Maybe that’s why I was one of the first carpenters in the U.S. to get my hands on a Stabila R-Beam level, back in 2011. I have to admit that I thought it was kind of bulky at the time. It wasn’t sleek. And it wouldn’t pack with my other levels.
But once I started using the R-beam, I stopped reaching for my old red-handled set…
R-beam levels are flat on the bottom and won’t tip over. (You can see the R-shape in the end of the level, above.)
|R-beam levels have sharper, crisp corners, so I can see if something is flat and straight, or bowed and twisted.|
|R-beam levels don’t have eased edges, so pencil lines are always scribed straight and true—the lead doesn’t duck under the edge of the level.|
|R-beam levels have “wide-angle” vials—I can see the bubble vial from an oblique angle, and I don’t have to stand perfectly perpendicular to the level.|
R-beam levels have a continuous grip—I don’t have to look for a handhold before picking one up.
And R-beam levels are stronger—I can step on my level without worrying about bending it.
But there are a couple disappointments, too:
|R-beam levels aren’t easy to hang on nails—the holes are small and difficult to thread over a screw or nail.|
|R-beam levels don’t fit in my Stabila level case.|
But all of the negatives can’t compare to the positives. These are the best and most comfortable levels I’ve ever worked with, and I’ve never worked with any other level that has given me the same sense of confidence.
While I always recommend supporting your local tool dealer, Amazon is selling the 24″ R-Beam for $79.99, the 48″ for $139.99, the 72″ for $209.99, and the 96″ for $330.18.
Good article Gary. And now I’m convinced that you really are on the level!!
I’m going order one of the 48. It will be helpful ! Thanks
I don’t find the 48″ level to be nearly as valuable as the 5 ft. level, especially in the R-Beam design because it makes such a great straight-edge, the longer lengths seem to be more useful.
Great article Gary I’m just kinda bummed out that I might have to sell some of my “old guy stabilas”
so I can afford the price tag of the new ones haha
Thanks for the review, Gary. Any idea when the 78″ will become available? Some online retailers are already making space for it.
I have the 78″ and the 32″ R-beam levels, too. You don’t? How come? Actually, I think there’s only a few sets in the U.S. so far, but they should be here very soon. I thought they were starting to sell them in early spring, but that’s passed.
I was ready to pick up another 78″ 196, but I will get the R-beam when it becomes available. Nice timing!
I would miss the handholds. I thread my heavy cable through for security. And I’ve had a tough enough time finding cases. I had to modify a Johnson hard tube for my 59″, including a cut out for one handle for the aforementioned locking issue. I guess I’ll reserve judgement until I’ve had the opportunity to hold one.

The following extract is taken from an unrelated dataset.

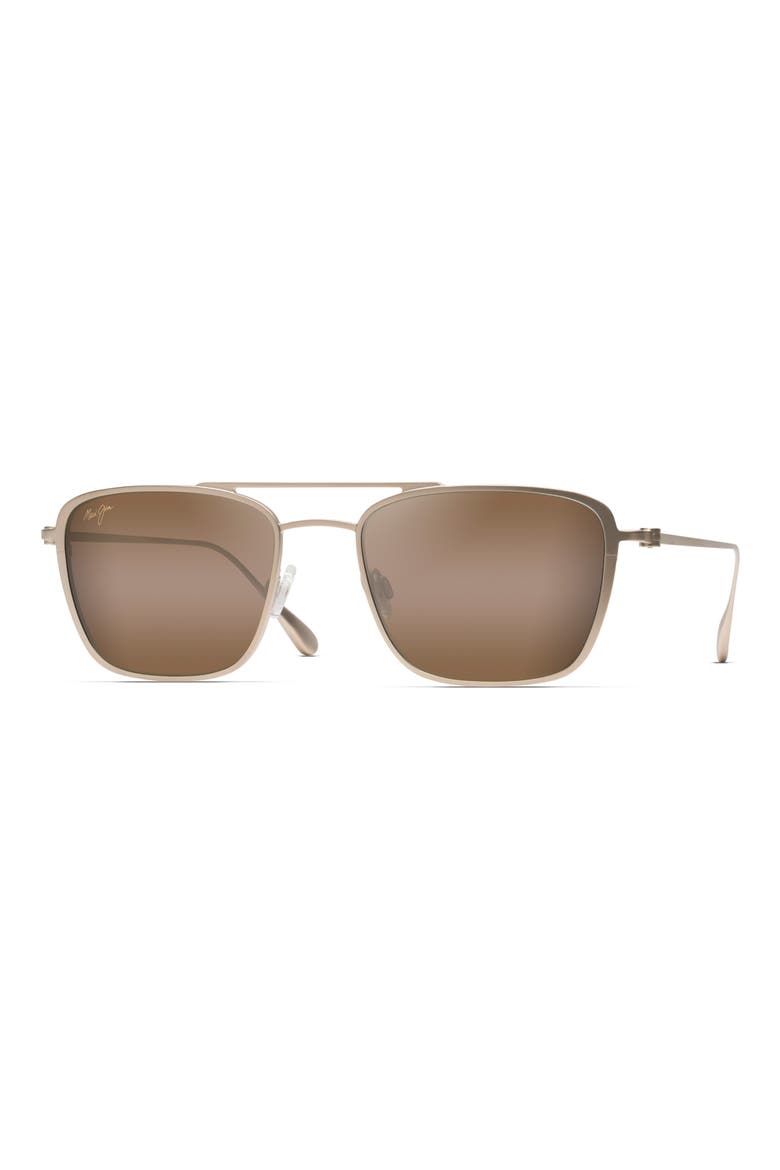 Ebb & Flow 54mm Polarized Navigator Sunglasses, Main, color, SATIN GOLD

Great, now I need a third set of Stabila levels.
Do they offer upgrade pricing? Or should I just wait for the Stabila level 5.

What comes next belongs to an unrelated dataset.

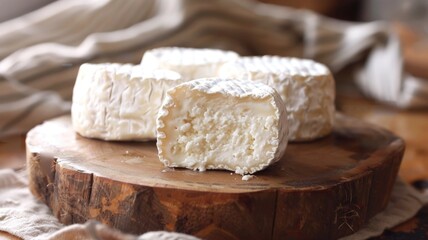 A wheel of rich, artisan soft cheese tantalizingly cut open, revealing its creamy interior, set upon a rustic wooden board—a gourmet delicacy for any cheese connoisseur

SOUNDS GOOD, GOING TO TRY THE 48
Nice review of a nice product. Time to up-grade from my American
Great article. I wonder if the green cast of the liquid in the bubble will go clear like the old Stabila levels do. It sure makes the bubble hard to see.
I saw them at the lumberyard contractors night. I got a 6′ and in two weeks I get to put it through the paces hanging doors. I debated between it and the jamber set. I think now I made the right choice
I’m holding out for the 60″
Nice article. Short and to the point.
I usually don’t like the “advertizing” articles but in this case I commend you for it.

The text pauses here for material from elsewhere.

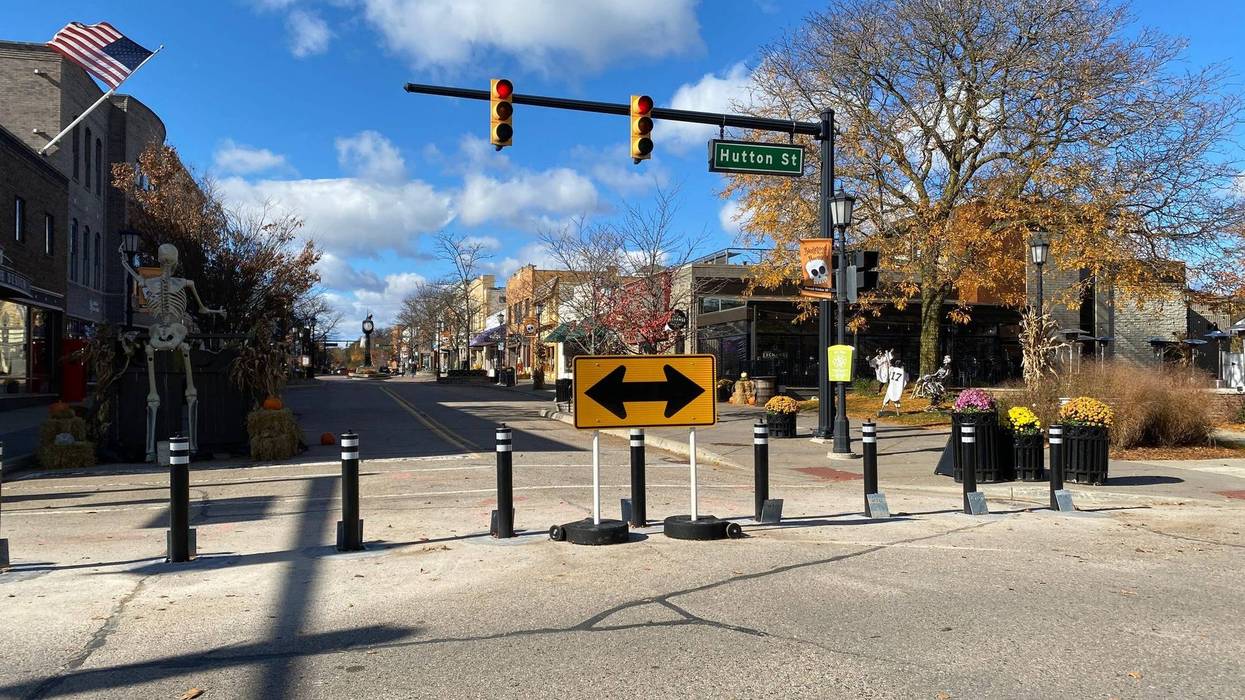 Bollards in downtown Northville.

I’ve been to your roadshow and I’ve won some stabila items there as well as at JLC. I appreciate the fact that they are a Major supporter of your roadshows. Thanks to you and all the show sponsors for putting on that, as well as this wonderful magazine.
One thing I would point out about your article concerns the part about being able to read the bubble at an angle. You know if it shows level while viewed at an angle it’s not really level right?
At least that’s the way my levels read. Stabila a as well.
God bless you and keep up the good work,
Great comments from all! Stabila has new carrying cases that do fit all of our levels including the R Beam. We will look into the possibilty of increasing the size of the “hang hole” on this series of levels. There is no current plan to add a 59″ R Beam. We strive to improve all Stabila products, including vial fade. Each generation gets better with new chemical solutions for the vials. Thank You, Darrell Hammond, National Sales Manager, Stabila Level Company.
Hope u can help me. I have a stabila level which is 1 yr old and was sold to me in a set with a 10 yr guarantee. After 1 year of light use the vertical level vials have become untrue. If i attempt to plumb a vertical stud wall for example, and the wall is slightly out of plumb, the level will show the bubble next to the right hand line on the top vial, the bottom vial will display the bubble next to the left hand line. Hopefully that makes sense. So i consulted the little 10 yr warranty booklet i got with the level. The only information given is to check the website, yet there is not an english language option. So im left without a level, and feel rather hard done to, as i will have to send this level off now for repair/warranty assesment without me or the tool retailer knowing whether its even worth it. Plus i cant afford to go and buy a new one, so i cannot work, so i cannot afford a new 1…. As you can see this traps me in an endless cycle. The reason i have wrote here is that reaching customer service for stabila is proving to be impossible. What is the point of paying top money for a poor product, where for less money u could buy a cheapo level each year if stabilas are only lasting a year these days. Hope to hear back from somebody soon.
I have the magnetic jamber set and love them. However one of the plumb vials doesn’t read true. It’s a good 1/16th out which can be frustrating. None of the stores that carry stabila by me want anything to do with the lifetime warranty. I contacted stabila and was told I could ship it to them at my expense and if they found it to be in good condition and the vial was out enough they would make good on it. If for some reason they found it to be user neglect I wouldn’t get my level back unless I paid for return shipping. I haven’t been willing to take the chance yet. I’m not sure I could bring myself to buy another stabila because of this issue.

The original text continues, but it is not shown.